LONDON LETTER:Mayor Boris Johnson's decision to reroute a traditional Muslim march is a symptom of unease in Britain, writes MARK HENNESSY
JUST YARDS from Speakers’ Corner in London’s Hyde Park yesterday, hundreds of mostly Muslim men and women gathered at Marble Arch, chatted amicably, with many turning eastwards to say midday prayers.
For years the group has met at Marble Arch, and marched from there to Trafalgar Square to protest at Israel’s treatment of Palestinians, attracting only momentary attention from passersby. Yesterday, however, they were bound for Pall Mall, because London authorities had barred them from ending their journey underneath Nelson’s Column in Trafalgar Square.
Mayor Boris Johnson blamed the organisers, the Islamic Human Rights Commission, for its lack of public liability insurance, but the organisers accused him of bowing to far-right extremists.
The English Defence League, a new little-known group, angered it says by Muslim extremists but not by ordinary Muslims, had earlier advertised its intention to turn up at Trafalgar.
In the end, none of them turned up, and only 20 picketed the arrival of the pro-Palestinian march on Pall Mall: “We don’t do radical politics in this country,” chuckled one policeman.

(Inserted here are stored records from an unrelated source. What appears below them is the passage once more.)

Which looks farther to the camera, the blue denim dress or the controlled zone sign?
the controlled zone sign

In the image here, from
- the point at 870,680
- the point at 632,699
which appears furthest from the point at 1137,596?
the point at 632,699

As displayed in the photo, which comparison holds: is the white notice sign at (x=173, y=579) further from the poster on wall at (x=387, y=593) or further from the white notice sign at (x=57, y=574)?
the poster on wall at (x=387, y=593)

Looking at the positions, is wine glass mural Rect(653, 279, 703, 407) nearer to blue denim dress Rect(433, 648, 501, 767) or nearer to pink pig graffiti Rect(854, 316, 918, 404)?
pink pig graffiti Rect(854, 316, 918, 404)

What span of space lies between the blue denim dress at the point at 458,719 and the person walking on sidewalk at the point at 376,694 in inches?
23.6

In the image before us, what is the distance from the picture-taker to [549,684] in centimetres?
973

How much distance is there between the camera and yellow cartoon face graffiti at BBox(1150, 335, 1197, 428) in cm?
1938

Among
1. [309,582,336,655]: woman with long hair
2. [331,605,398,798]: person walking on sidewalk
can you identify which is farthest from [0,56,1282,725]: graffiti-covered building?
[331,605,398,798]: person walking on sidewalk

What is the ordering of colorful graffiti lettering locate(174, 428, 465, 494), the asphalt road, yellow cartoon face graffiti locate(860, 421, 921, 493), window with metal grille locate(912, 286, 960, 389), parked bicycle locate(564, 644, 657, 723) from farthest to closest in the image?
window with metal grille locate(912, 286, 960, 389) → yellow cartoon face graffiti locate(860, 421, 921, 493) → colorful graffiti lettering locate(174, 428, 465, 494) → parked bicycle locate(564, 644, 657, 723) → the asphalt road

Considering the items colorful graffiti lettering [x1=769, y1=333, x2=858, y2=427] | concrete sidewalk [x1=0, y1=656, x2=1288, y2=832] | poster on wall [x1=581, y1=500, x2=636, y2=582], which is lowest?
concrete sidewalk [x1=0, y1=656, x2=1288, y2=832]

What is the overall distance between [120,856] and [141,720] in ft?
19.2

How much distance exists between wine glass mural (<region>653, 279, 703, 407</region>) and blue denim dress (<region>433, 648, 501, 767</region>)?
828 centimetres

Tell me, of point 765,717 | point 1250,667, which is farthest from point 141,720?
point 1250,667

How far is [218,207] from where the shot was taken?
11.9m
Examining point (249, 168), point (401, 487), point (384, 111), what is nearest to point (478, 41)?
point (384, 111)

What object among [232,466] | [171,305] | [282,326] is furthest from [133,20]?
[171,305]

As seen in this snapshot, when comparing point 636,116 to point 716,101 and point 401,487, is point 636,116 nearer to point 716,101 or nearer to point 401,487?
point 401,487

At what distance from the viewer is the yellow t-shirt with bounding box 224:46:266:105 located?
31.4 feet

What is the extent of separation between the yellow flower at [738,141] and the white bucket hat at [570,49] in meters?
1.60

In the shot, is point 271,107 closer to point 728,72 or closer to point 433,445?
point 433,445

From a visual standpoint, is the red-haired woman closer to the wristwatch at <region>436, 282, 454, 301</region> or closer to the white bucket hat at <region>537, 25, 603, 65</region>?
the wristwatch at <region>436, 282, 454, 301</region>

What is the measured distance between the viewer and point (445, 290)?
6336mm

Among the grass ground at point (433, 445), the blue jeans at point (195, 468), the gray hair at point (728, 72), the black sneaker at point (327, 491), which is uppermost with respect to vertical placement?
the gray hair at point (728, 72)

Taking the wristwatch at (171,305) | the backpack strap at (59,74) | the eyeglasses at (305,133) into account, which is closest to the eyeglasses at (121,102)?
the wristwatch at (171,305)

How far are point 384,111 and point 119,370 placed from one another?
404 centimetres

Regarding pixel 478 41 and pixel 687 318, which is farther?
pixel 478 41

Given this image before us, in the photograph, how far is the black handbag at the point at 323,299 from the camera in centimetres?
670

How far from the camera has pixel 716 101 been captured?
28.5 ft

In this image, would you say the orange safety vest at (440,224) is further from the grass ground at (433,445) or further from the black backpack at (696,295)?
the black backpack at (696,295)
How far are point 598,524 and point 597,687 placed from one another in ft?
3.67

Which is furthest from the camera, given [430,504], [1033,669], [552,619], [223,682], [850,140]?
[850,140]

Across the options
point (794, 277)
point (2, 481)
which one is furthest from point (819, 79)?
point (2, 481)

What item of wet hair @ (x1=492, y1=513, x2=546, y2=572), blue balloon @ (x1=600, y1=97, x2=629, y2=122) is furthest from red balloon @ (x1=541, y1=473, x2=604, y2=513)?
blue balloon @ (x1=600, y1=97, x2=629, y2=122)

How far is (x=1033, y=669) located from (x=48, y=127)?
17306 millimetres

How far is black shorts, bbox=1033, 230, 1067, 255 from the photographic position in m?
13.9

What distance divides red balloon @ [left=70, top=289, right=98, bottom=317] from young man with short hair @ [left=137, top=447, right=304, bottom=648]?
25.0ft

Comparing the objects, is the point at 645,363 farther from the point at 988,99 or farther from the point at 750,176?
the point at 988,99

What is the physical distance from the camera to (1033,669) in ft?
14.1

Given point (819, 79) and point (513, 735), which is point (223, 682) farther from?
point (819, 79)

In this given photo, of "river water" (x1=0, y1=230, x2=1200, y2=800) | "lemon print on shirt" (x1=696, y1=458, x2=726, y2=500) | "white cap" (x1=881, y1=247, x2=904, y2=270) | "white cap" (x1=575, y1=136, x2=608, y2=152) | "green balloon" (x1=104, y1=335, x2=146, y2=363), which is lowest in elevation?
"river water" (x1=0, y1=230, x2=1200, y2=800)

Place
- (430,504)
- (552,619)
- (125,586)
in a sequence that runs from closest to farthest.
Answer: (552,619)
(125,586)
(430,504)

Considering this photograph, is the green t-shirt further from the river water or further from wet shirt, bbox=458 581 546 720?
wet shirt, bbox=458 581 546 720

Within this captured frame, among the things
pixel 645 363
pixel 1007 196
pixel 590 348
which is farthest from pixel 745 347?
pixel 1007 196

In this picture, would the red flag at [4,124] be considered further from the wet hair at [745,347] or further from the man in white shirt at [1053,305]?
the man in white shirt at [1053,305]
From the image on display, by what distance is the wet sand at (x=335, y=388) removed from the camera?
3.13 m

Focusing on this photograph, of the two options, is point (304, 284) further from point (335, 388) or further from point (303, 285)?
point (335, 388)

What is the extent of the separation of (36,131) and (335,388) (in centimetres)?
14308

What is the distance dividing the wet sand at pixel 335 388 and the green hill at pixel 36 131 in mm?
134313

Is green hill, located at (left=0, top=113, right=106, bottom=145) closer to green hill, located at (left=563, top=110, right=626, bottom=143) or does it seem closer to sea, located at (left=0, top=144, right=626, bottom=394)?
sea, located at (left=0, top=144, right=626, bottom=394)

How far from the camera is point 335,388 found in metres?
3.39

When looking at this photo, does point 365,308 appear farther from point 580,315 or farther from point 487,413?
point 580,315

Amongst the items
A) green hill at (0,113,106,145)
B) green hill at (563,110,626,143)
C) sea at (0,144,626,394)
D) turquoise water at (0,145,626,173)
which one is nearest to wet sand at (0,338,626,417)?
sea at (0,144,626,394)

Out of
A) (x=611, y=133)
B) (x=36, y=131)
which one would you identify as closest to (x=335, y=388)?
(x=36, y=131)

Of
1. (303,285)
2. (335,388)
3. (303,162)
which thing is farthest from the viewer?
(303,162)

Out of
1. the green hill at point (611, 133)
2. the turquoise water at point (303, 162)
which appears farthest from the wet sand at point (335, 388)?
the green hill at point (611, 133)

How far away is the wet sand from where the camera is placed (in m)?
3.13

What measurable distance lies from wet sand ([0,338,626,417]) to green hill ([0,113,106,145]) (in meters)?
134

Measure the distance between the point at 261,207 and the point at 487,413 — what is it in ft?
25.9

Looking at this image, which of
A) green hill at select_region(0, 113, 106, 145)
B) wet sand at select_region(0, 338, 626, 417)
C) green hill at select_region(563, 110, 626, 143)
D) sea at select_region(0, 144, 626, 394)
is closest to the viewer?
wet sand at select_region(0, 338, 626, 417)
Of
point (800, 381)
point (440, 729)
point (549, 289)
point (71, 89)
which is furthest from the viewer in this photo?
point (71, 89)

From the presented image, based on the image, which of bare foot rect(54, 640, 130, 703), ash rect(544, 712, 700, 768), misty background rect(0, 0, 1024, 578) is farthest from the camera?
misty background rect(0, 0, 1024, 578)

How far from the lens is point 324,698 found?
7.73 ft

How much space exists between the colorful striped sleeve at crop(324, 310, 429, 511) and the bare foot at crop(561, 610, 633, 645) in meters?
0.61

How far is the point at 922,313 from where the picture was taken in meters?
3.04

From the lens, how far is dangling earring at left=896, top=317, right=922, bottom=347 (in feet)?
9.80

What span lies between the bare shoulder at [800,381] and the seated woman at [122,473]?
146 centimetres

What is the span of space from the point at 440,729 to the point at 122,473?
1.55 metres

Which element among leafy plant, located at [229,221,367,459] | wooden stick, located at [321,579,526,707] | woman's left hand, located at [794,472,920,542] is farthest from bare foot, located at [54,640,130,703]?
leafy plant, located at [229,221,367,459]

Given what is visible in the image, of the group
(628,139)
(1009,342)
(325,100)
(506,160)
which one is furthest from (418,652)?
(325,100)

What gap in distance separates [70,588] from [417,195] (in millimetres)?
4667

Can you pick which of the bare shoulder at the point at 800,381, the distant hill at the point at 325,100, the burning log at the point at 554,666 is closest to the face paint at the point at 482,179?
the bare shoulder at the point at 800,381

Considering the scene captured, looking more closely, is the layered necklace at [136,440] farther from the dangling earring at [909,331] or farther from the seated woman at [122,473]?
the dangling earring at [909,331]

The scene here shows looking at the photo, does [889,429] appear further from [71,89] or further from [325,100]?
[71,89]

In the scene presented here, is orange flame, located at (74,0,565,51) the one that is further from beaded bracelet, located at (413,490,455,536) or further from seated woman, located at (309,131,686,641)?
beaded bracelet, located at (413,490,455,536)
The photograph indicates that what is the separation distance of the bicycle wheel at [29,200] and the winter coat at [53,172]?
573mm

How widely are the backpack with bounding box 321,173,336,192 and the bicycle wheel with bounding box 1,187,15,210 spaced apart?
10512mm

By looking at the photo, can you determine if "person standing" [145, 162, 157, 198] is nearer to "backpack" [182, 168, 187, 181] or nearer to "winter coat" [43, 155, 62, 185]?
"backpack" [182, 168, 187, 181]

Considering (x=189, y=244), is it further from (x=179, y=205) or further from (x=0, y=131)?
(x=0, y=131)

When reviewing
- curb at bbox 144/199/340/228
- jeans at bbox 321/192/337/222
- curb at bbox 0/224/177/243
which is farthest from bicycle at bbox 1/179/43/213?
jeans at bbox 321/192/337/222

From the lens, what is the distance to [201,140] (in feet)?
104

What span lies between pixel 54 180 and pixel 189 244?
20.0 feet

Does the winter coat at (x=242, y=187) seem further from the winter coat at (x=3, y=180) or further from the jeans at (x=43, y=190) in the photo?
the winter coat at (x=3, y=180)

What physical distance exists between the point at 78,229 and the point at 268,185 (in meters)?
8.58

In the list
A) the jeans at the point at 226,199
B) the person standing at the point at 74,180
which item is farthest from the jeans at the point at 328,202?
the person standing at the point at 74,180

The outcome illustrates the problem the authorities have in dealing with the league: is it an internet-created phantom or a creature that could become a serious threat?
The far-right British National Party – which believes it is going to make gains in next year’s elections – says the league is nothing to do with it but it supports its views.
Established in Luton, the league was prompted into life by a protest in March by al-Muhajiroun Muslim extremists, who protested at a homecoming parade for soldiers returning from Iraq.
Intelligence services say that it has approximately 200 members, broken up into “divisions”, but its force could be amplified if its efforts to link up with football hooligan “firms” continue apace.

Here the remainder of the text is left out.